After observing yesterday that the Supreme Court hadn't issued any opinions for awhile, it issues three today. The first, Thompson v. Clear Springs Foods, involves worker's compensation law, which is not a concern of SCOIDBlog. (Here's a link in case you're interested in the personal comfort doctrine: http://www.isc.idaho.gov/opinions/Thompson%20v.%20Clear%20Springs%20Opinion.pdf)
The second opinion is a parental termination case where dad pleaded guilty to felony injury to child (not one of his children, but someone -- presumably a police officer -- pretending to be a twelve-year old in an internet chatroom) in 2005 and was placed on probation. During probation, father was prevented from having contact with his children by SANE or the mother or both. In 2008, mother remarried and three days later filed a petition for termination of father's parental rights.
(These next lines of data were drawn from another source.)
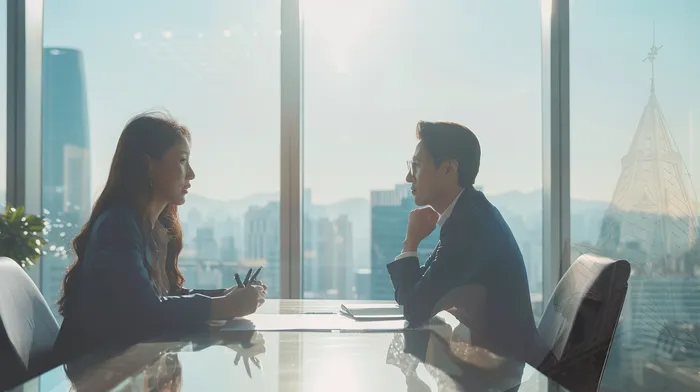 연체전개인회생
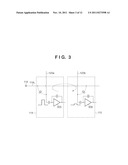 SOLID-STATE IMAGE SENSOR AND CAMERA diagram and image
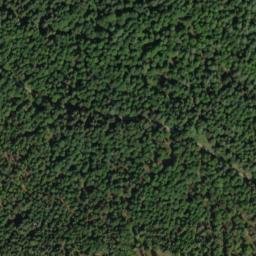 Satellite imagery of Ahornkopf, DE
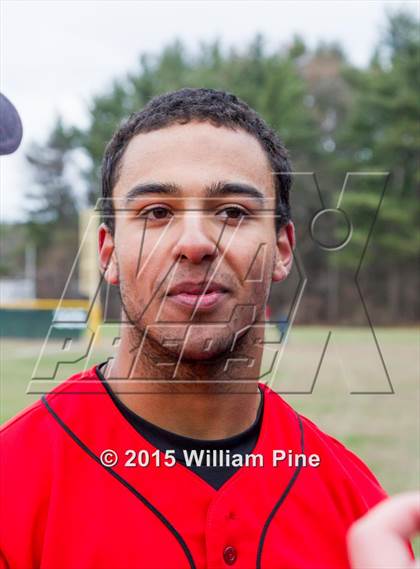 Thumbnail 3 in Niskayuna @ Shenendhowa photogallery.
The magistrate court dismissed the petition finding that the mother had not shown that the father willfully abandoned his children. The Supreme Court affirmed finding that "[t]he magistrate's finding that the Petitioners failed to prove by clear and convincing evidence that Father had willfully failed to maintain a normal parental relationship with the children is supported by substantial and competent evidence."
In the Matter of the Termination of Parental Rights and Adoption of: Jane Doe, John Doe, http://www.isc.idaho.gov/opinions/Doe%20v.pdf
Here's the part that may be useful to criminal defense lawyers. The Court finds that someone can't willfully do something (in this case abandon his children) if he didn't have the ability to do otherwise. It wrote: "In order to prove that Father had abandoned the children, Petitioners had to prove by clear and convincing evidence that he had 'willfully failed to maintain a normal parental relationship' with the children. For one to willfully fail to do something, he or she must have the ability to do it." (Citations and emphasis omitted.) This is good language to use in your next probation violation where your client wants to comply with the terms of probation but just can't get it done due to outside forces.
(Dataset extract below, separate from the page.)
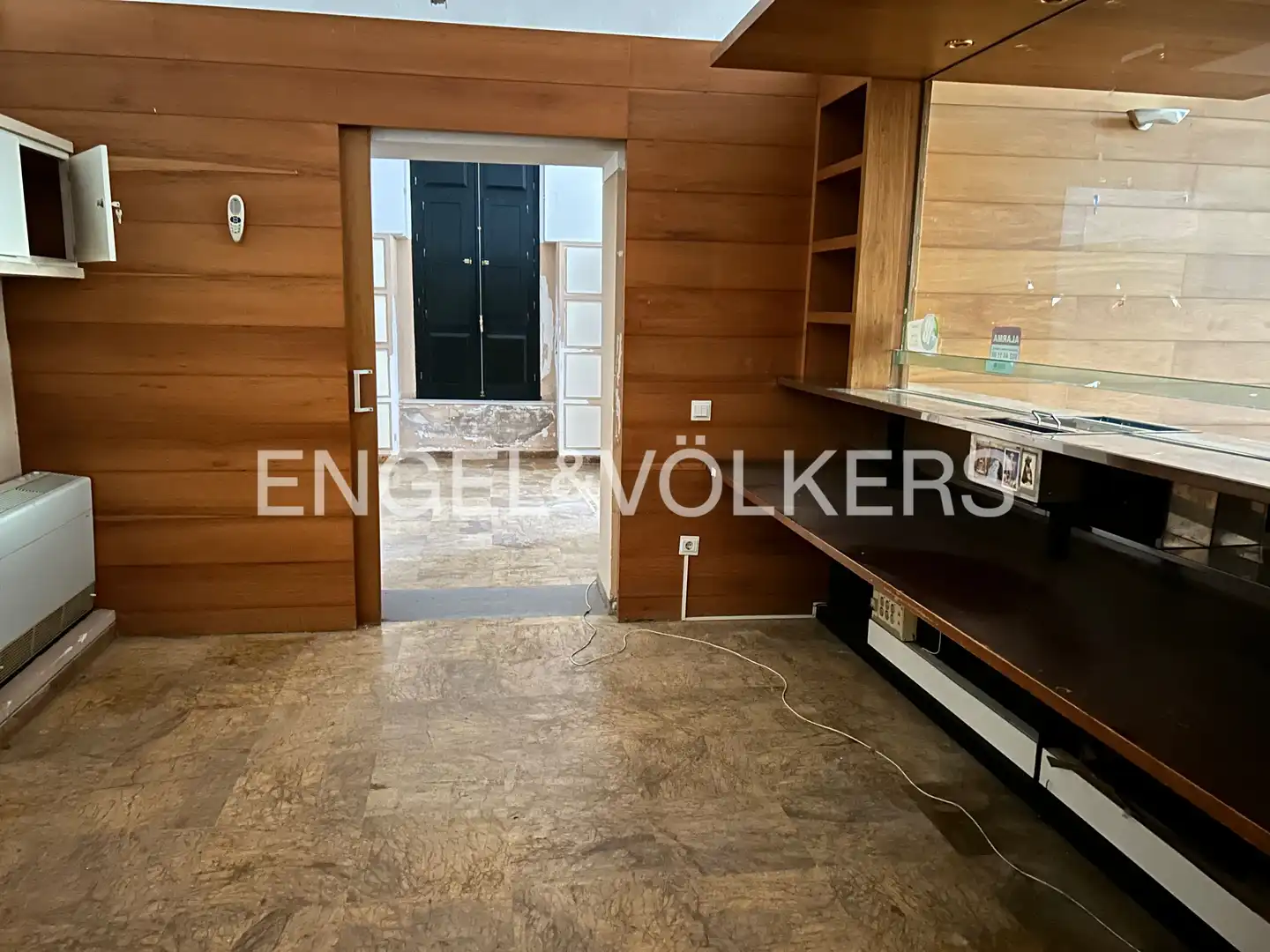 Casa en venda a La Palma del Condado, imagen 10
The last Supreme Court opinion today is State v. Munoz. http://www.isc.idaho.gov/opinions/State%20v.%20Munoz%20Opinion.pdf. The Supreme Court affirms the denial of a motion to suppress, but does not address the central question in the Court of Appeals opinion, i.e., What is a court to do when a police officer testifies to two different versions of the same event? The district court did not pick between the two versions, reasoning that under either version the evidence should not be suppressed. (This resolution ignores the possibility of a third choice, i.e., that neither version is true.) The Court of Appeals found that neither version was credible as the differences in testimony were inconsistent, irreconcilable and unexplained and found the state did not carry its burden of proving an exception to the warrant requirement. (See March 28, 2009 SCOIDBlog.) The Supreme Court picked one of the two versions and affirmed because there was substantial evidence to support that version. It notes: "Decisions regarding the credibility of witnesses, weight to be given to conflicting evidence, and factual inferences to be drawn are also within the discretion of the trial court."
This analysis, it seems to me, begs the question. First, the district court didn't pick one version over the other. It found that under either version the search was proper. So the district court never made a credibility determination and there is no credibility determination for the Supreme Court to defer to. And, under the second version, the search was improper under Arizona v. Gant. So it matters which version, if either, is believed. Although neither version is worth much in my view, the Court should have let the district court make the credibility call.